▶ **Exercise requirements**: Using the material below, print a verbatim copy of every line from the one containing "As a last resort, DIY" through the one containing "The easiest thing", inclusive, and omit the pictures.

▶ **Excerpted records**:
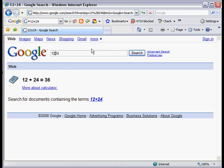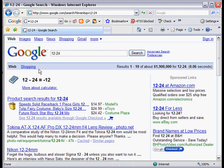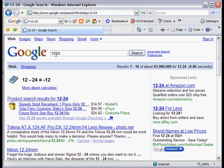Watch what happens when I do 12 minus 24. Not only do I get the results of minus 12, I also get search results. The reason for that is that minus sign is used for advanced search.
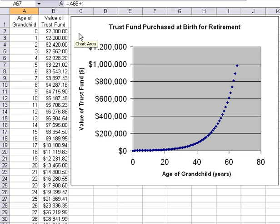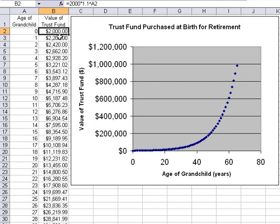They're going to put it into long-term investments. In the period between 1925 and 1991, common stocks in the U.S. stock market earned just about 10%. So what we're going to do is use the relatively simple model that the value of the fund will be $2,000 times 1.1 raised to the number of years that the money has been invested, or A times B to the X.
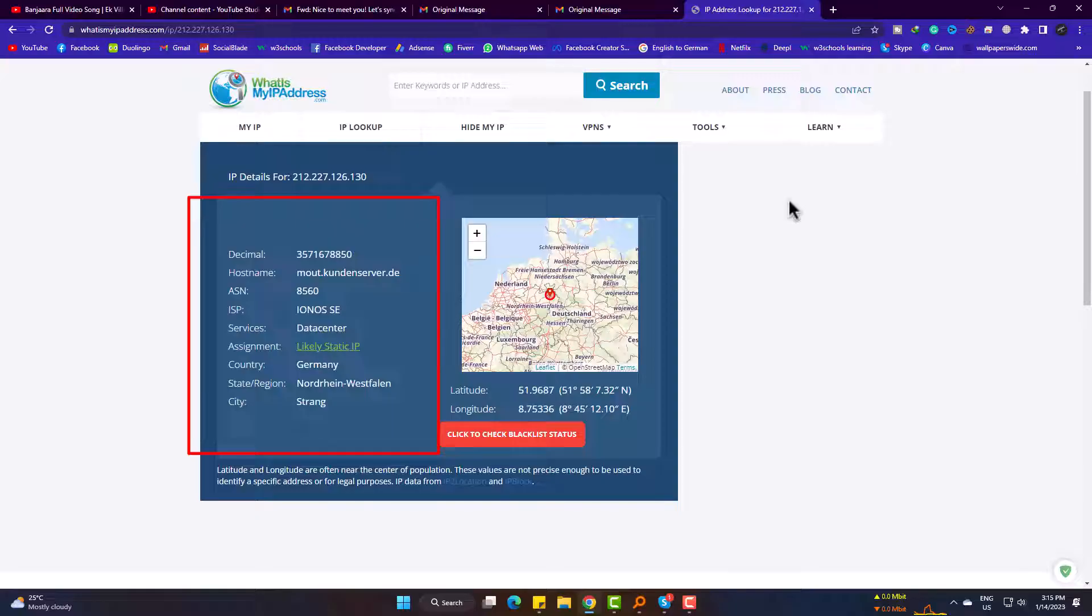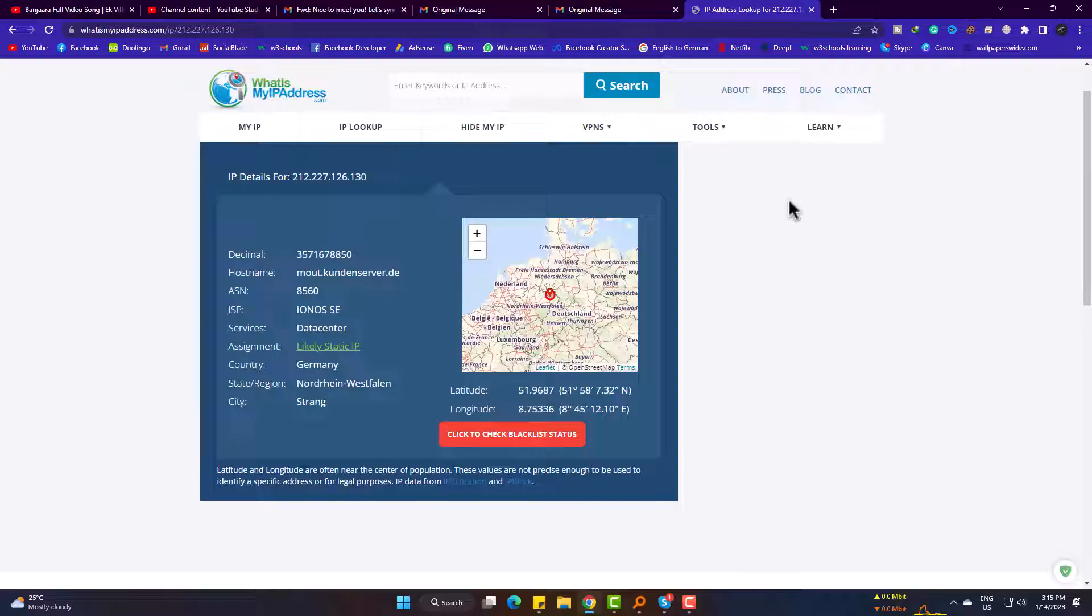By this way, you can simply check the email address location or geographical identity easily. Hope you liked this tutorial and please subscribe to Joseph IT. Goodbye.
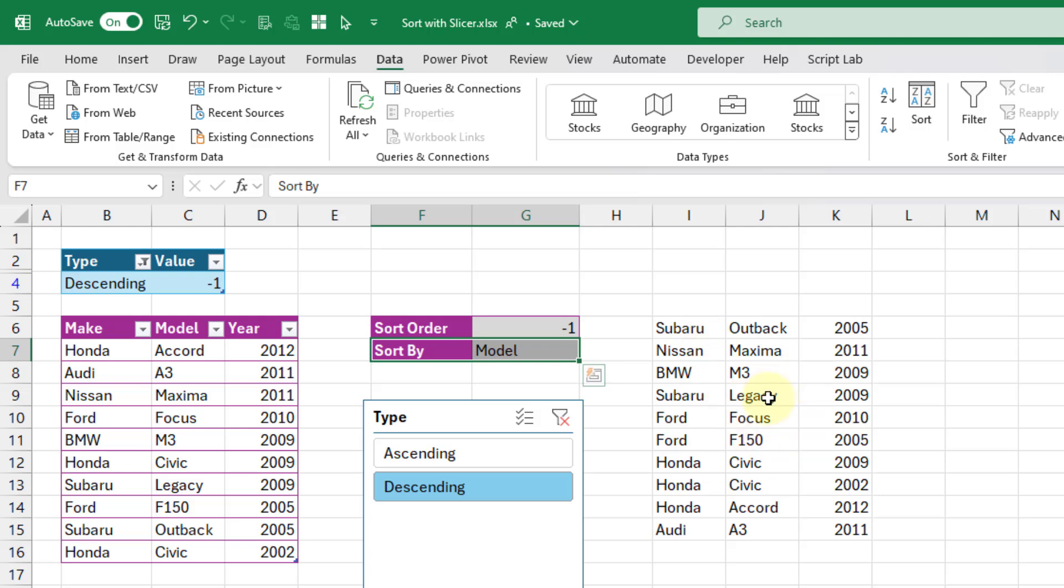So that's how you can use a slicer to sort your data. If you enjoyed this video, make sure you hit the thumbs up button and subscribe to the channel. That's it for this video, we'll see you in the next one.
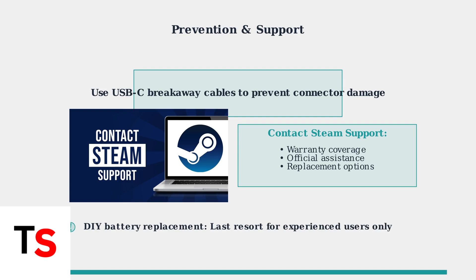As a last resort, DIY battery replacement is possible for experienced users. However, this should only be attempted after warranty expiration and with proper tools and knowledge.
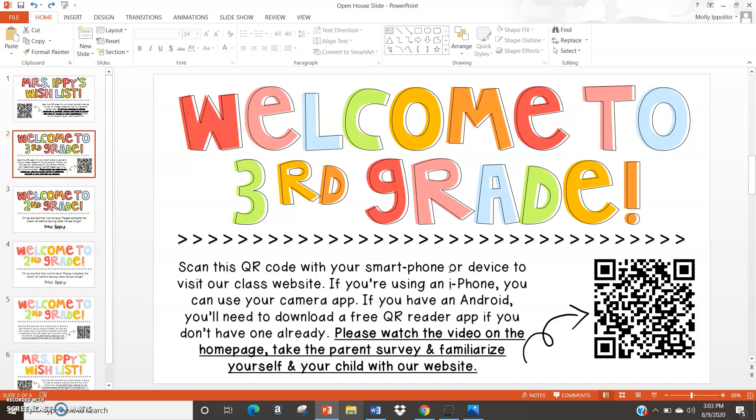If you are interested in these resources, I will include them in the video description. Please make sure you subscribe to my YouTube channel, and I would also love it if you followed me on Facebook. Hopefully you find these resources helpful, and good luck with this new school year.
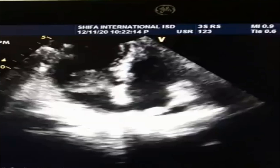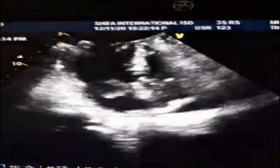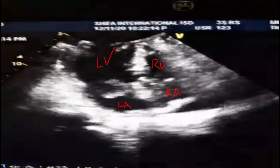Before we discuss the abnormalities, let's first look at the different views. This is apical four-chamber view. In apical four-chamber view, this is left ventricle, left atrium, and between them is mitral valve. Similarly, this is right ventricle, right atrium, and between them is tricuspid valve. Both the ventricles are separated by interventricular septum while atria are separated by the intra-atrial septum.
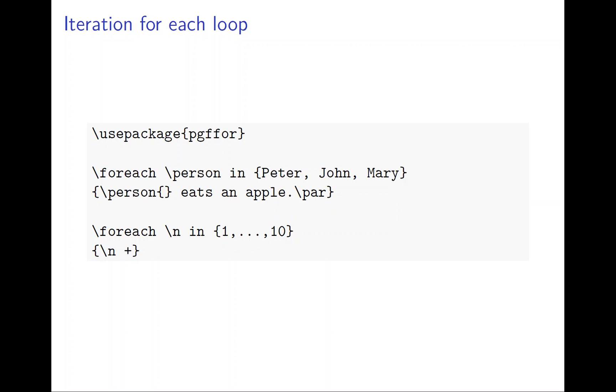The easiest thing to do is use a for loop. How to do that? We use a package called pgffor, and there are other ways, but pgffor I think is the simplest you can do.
...
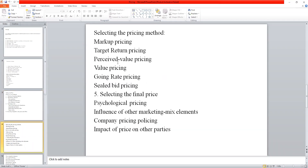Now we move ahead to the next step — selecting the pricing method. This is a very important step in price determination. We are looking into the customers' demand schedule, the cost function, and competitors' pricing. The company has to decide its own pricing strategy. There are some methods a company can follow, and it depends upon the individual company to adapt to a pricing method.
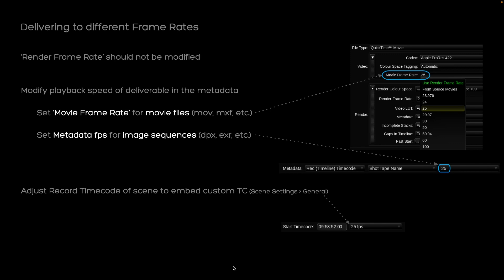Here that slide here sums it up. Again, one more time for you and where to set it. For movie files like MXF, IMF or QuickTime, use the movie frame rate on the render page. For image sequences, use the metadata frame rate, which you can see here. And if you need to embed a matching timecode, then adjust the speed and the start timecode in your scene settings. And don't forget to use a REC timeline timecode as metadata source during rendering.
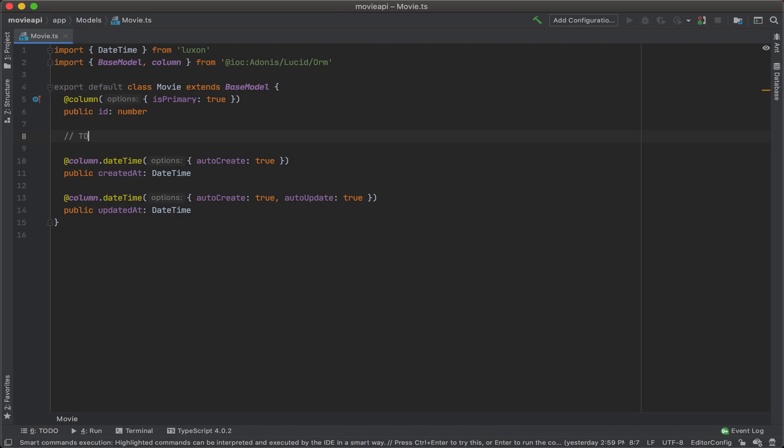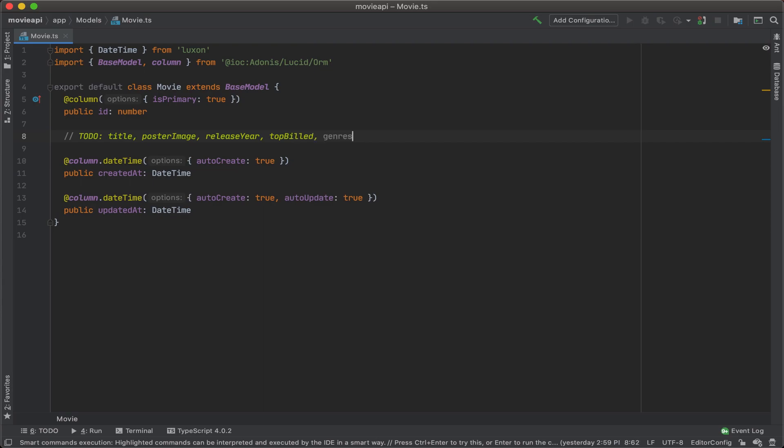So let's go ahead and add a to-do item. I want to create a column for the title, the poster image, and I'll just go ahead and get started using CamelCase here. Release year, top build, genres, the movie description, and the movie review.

▶ **Exercise output**:
As a last resort, DIY battery replacement is possible for experienced users. However, this should only be attempted after warranty expiration and with proper tools and knowledge.
If you are interested in these resources, I will include them in the video description. Please make sure you subscribe to my YouTube channel, and I would also love it if you followed me on Facebook. Hopefully you find these resources helpful, and good luck with this new school year.
Before we discuss the abnormalities, let's first look at the different views. This is apical four-chamber view. In apical four-chamber view, this is left ventricle, left atrium, and between them is mitral valve. Similarly, this is right ventricle, right atrium, and between them is tricuspid valve. Both the ventricles are separated by interventricular septum while atria are separated by the intra-atrial septum.
The easiest thing to do is use a for loop. How to do that? We use a package called pgffor, and there are other ways, but pgffor I think is the simplest you can do.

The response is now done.